Ve nihayet büyük oranda yazardan izler taşıyan zavallı Flory. Sevimli siyah renkli spanyel cinsi köpeği Floyla beraber kereste şirketleri için senelerdir Burma’da ikamet eden orta yaşlarında, yüzündeki doğum lekesinin varlığıyla çekingen, alıngan ve içten içe kırılganlığı en koyu tonunda yaşayan bir adam. Ne beraber olduğu cemiyeti gibi hisseden ne de arkadaşlarının en keskin kibir ve nefretle baktıkları yerel halkla bütünleşebilen aykırı düşünmekten kendini alıkoyamayan her şekilde arafta kalan ve yalnızlığın girdabında biçare sürüklenen, kendine acımaktan ve bir türlü bundan çıkış noktasında gerekli cesareti sergileyemeyen bir zavallı olarak gösterilir.
Elizabeth'in yengesinin de zorlamasıyla beraber düşünce iklimlerinde başka mevsimleri yaşayan bu iki insan acaba bir araya gelebilecek midir? Ayak oyunlarının, av sahnelerinin, isyanın, acının, kanın, öfkenin, geçmişteki hataların ve doğumda yüze vuran bedensel lekenin cesaretle, dostlukla ve gerçek aşkla sınandığı beklenmedik finaliyle okuyanda derin izler bırakan bu kitap çarpıcı bir mahiyet taşımaktadır.

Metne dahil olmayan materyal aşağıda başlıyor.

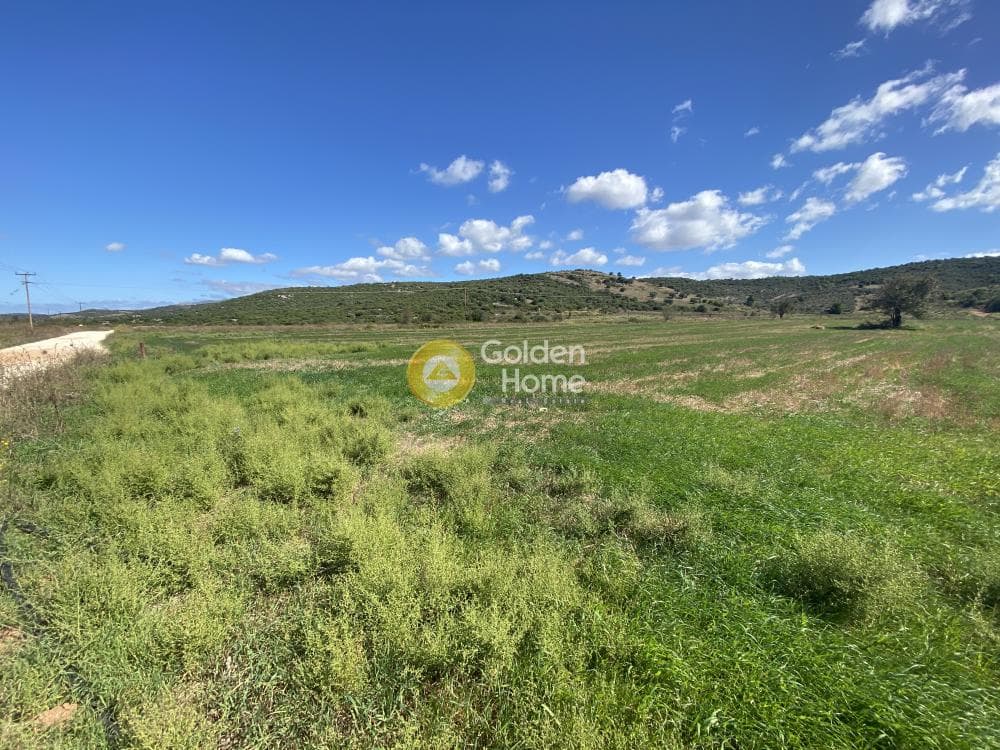 Parcel in Drosia, Distos — Photo 1 of 17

Şimdilerin Myanmar olarak bilinen Hindistan’ın bir eyaleti konumunda olan Burma’daki yerel dili akıcı bir şekilde konuşacak kadar oraya özgü dünyaya hakim olan yazar, elinde video kamera varmışçasına ayrıntıya kaçan tasvirleri, yöreye özgü; tanıdık gelmeyen betimlemeleri ve ağır ilerleyen olay örgüsüyle ilk etapta okuyucuya yorucu bir okuma deneyimi sunar. Fakat ustaca geliştirdiği, nakış nakış işlediği, gerçekçi bir üslupla ete kemiğe büründürdüğü karakterlerin yerli yerince monologları, ikircikli davranışları, içsel gelgitleriyle beraber duygusal dışa vurumlarındaki etkin başarısı gerilimin dozajında ve kademeli bir ivmeyle yükselmesi her geçen sayfayla birlikte okuyanın sıcak Burma günlerindeki bir sinek misali kitaba yapışıp kalmasına sebep oluyor.